◆ Supplied entries ◆
——————
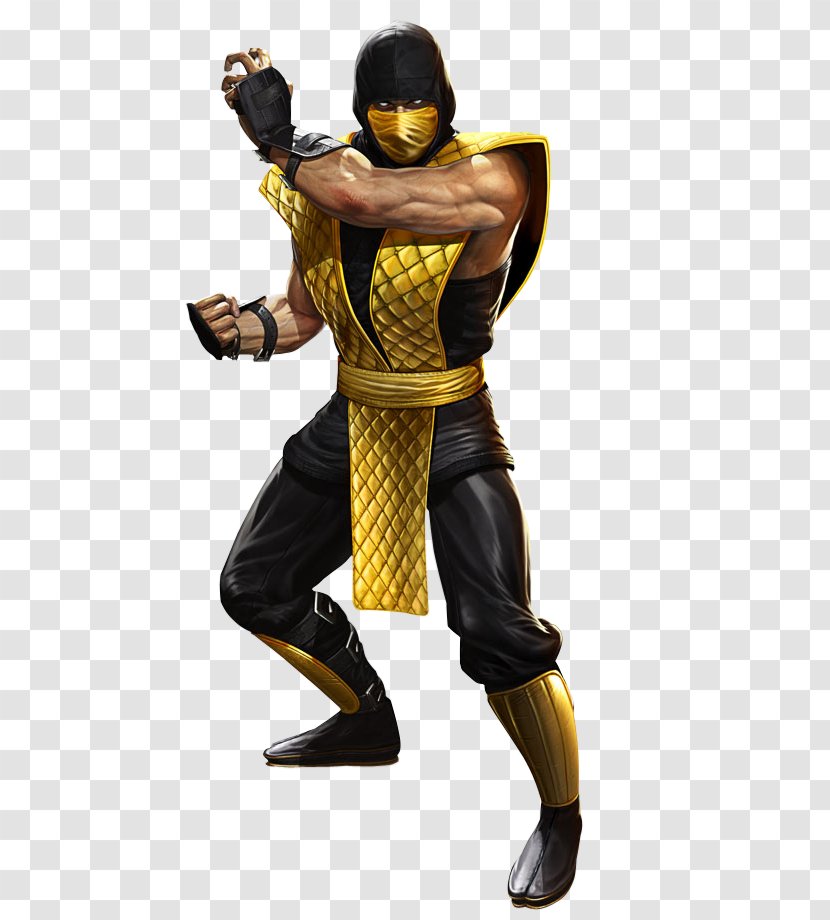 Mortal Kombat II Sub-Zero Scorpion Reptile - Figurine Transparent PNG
——————
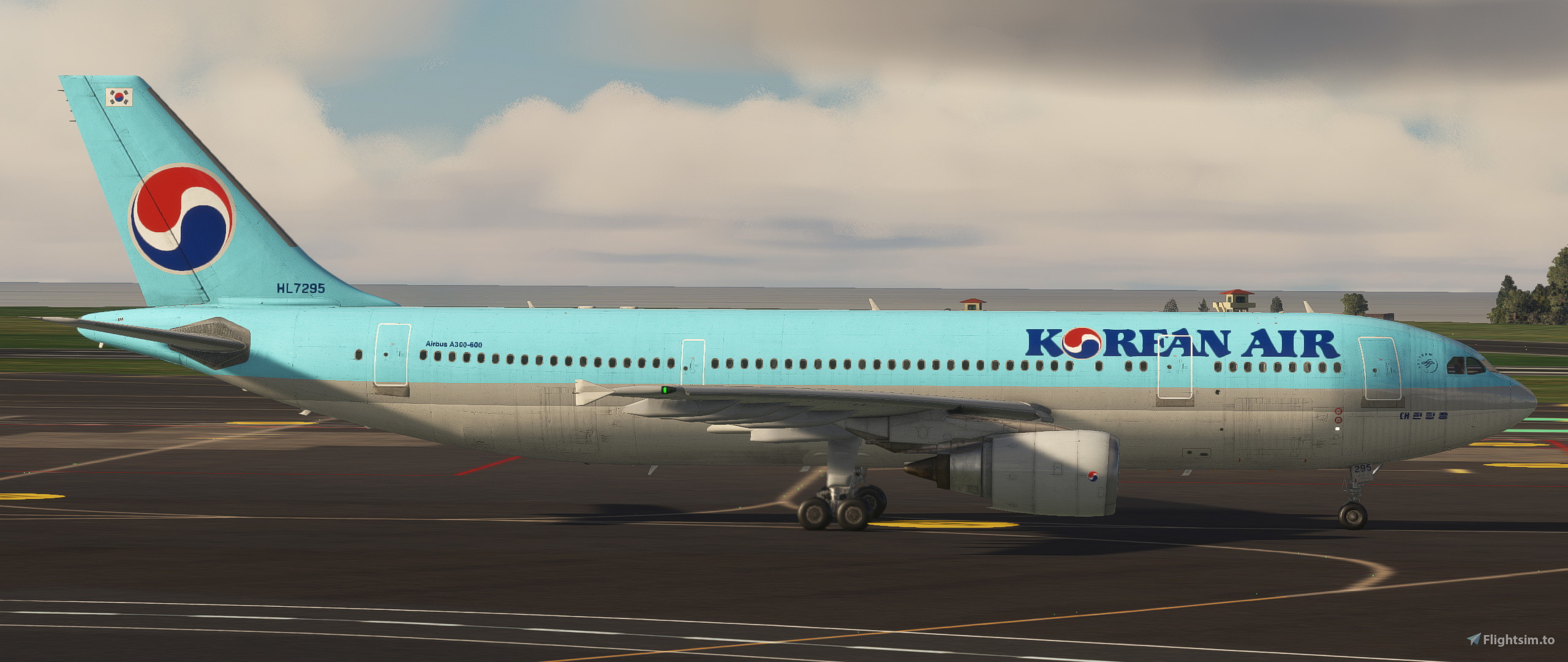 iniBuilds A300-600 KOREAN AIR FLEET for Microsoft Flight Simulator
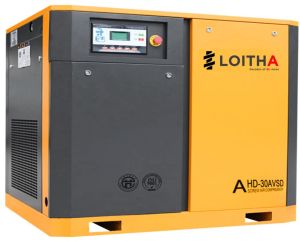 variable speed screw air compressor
——————
◆ Assigned task ◆
Print nothing except the lines above from the one containing "iniBuilds A300-600 KOREAN" down to the one containing "variable speed screw air compressor", both included, exactly as written and free of pictures.

◆ Response area ◆
 iniBuilds A300-600 KOREAN AIR FLEET for Microsoft Flight Simulator
 variable speed screw air compressor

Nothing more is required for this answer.